-- INPUT follows --

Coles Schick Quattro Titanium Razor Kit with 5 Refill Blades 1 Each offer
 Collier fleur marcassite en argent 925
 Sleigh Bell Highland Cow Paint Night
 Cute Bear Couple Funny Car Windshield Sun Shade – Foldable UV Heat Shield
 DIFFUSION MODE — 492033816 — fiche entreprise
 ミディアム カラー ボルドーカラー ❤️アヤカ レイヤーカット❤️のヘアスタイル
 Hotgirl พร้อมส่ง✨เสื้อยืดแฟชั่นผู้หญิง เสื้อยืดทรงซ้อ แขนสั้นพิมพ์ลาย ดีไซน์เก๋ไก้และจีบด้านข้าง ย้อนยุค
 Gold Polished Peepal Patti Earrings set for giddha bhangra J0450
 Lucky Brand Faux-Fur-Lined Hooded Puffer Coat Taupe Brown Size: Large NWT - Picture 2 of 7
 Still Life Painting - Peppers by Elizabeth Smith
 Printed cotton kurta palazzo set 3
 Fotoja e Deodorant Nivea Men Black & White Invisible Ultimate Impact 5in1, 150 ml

-- INPUT concluded --

- EXERCISE AIM
With the line that contains "Lucky Brand Faux-Fur-Lined" as the start, output every line through the end of the entries exactly. Add no other lines.

- REPLY
 Lucky Brand Faux-Fur-Lined Hooded Puffer Coat Taupe Brown Size: Large NWT - Picture 2 of 7
 Still Life Painting - Peppers by Elizabeth Smith
 Printed cotton kurta palazzo set 3
 Fotoja e Deodorant Nivea Men Black & White Invisible Ultimate Impact 5in1, 150 ml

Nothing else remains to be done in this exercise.